Abstract

Understanding of the deformation which gives rise to geological structures is greatly enhanced by knowledge of the total strains to which their component parts have been subjected. Strains may be measured directly provided that some suitable indicators are present. The Cambrian Slate Belt of Wales contains ideal strain indicators in the form of perfect triaxial ellipsoidal bodies at a limited number of localities. These indicators enable fully quantitative evaluation of the strain involved in the production of slaty cleavage. Variations in three-dimensional deformation also explain aspects of large scale structure, such as changes in fold dihedral angles and the positioning and magnitude of major plunge variations in non-cylindrical folds on all scales. Strains measured from these indicators are compared in detail with strains measured from intensities of preferred orientation of phyllosilicates obtained by x-ray transmission goniometry. The results obtained by both methods cover an appreciable range of principal strains. They are consistent in their close relationship to each other and also to the local and regional geological structure.

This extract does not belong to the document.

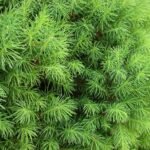 Picea Glauca December - Molid Pitic ideal pentru pom de Craciun mic la ghiveci P15, H 50-60 cm - imagine 2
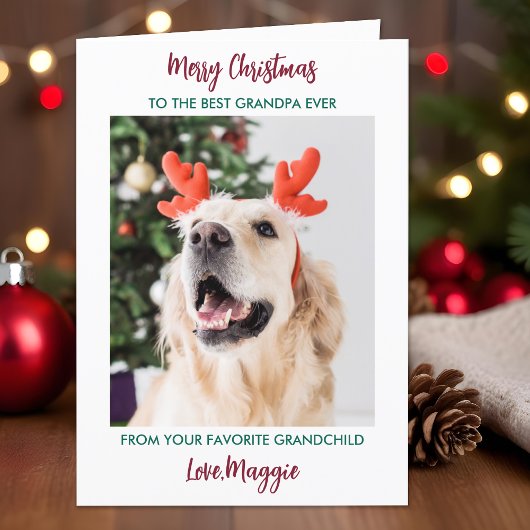 犬のおじいちゃんパーソナライズされたペット写真メリークリスマス シーズンカード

The natural strains, $$l_{n}(l + \varepsilon _{i})$$, obtained by x-ray goniometry ($$^{p}N_{i}$$) are usually a little lower than the natural strains obtained from the ellipsoidal indicators ($$^{s}N_{i}$$). Their comparison reveals a correlation coefficient ($$r^{2}$$) of 0.992 and establishes the following relationship between the results of the two methods: $$^{p}N_{i} = -0.002 \pm 0.011 + (0.92 \pm 0.02)^{s}N_{i}$$ From the established relationships, strains are measured from preferred orientation and appropriately corrected for a cross section of the regional structure in an area where no ellipsoidal indicators are available.